The new channel will broadcast 2,000 hours of live content a year, covering the best eSports and gaming and featuring the leading eSports stars and teams. This includes coverage of professional eSports leagues and international tournaments, and championships like ESL One, Intel Extreme Masters, ESL Pro League and DreamHack (DreamHack Summer and DreamHack Winter in Sweden are among the world’s largest digital festivals).

DreamHack is also owned by MTG. ESL and DreamHack already have global digital audiences of over 100 million viewers through online platforms such as Twitch, Azubu, Hitbox and Yahoo. Their eSports fans are mainly in the 15-35 age group, although there are older fans too.

There will be no advertising on eSportsTV initially, although channel sponsorship is possible. Turtle Entertainment, the company behind ESL, is in charge of commercial activities for eSportsTV.

“This is a fantastic move by ESL because it will bring eSports to an even broader global audience,” Arnd Benninghoff, CEO of MTGx and Peter Nørrelund, CEO of MTG Sport declared in a joint statement. “eSports is a global sport played all year round so there is so much content to share. 

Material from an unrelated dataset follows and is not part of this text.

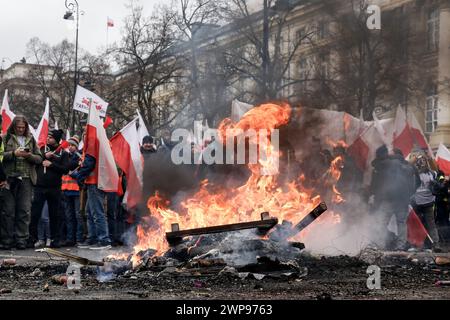 Les agriculteurs polonais descendent dans la rue et brûlent des feux de joie et des flammes de feu pour protester contre le Green Deal de l'UE et une importation de produits agricoles en provenance de pays tiers, dont l'Ukraine, devant le premier ministre Cancellary dans le centre de Varsovie, la capitale de la Pologne, le 6 mars 2024. Banque D'Images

“This channel is all about building awareness and growing the gaming community and fan base. There are over 2 billion gamers in the world and we have seen an explosion of interest in eSports, with the global fan base now rapidly rising towards 250 million, which is why we want to make more and more eSports content available on as many screens as possible.”

Editor’s comment

One of the important questions for the television industry is how it stays relevant to younger consumers. We already have the multiscreen viewing and the on-demand formats that they like. This is another solution – digital-first content that grew out of their generation migrating to aggregated traditional TV platforms. Some of that content is going to be delivered OTT into hybrid set-top boxes. This deal is notable because the channel is on broadcast spectrum – making it the ultimate in ‘crossover’ content.

According to Newzoo, a market intelligence firm specialising in games across all segments and screens, Males aged 21-35 make up the majority of eSports enthusiasts in the US (43%) and Western Europe (45%). It should be emphasized that ESL and MTG hope to build awareness among new audiences with the new broadcast channel, too.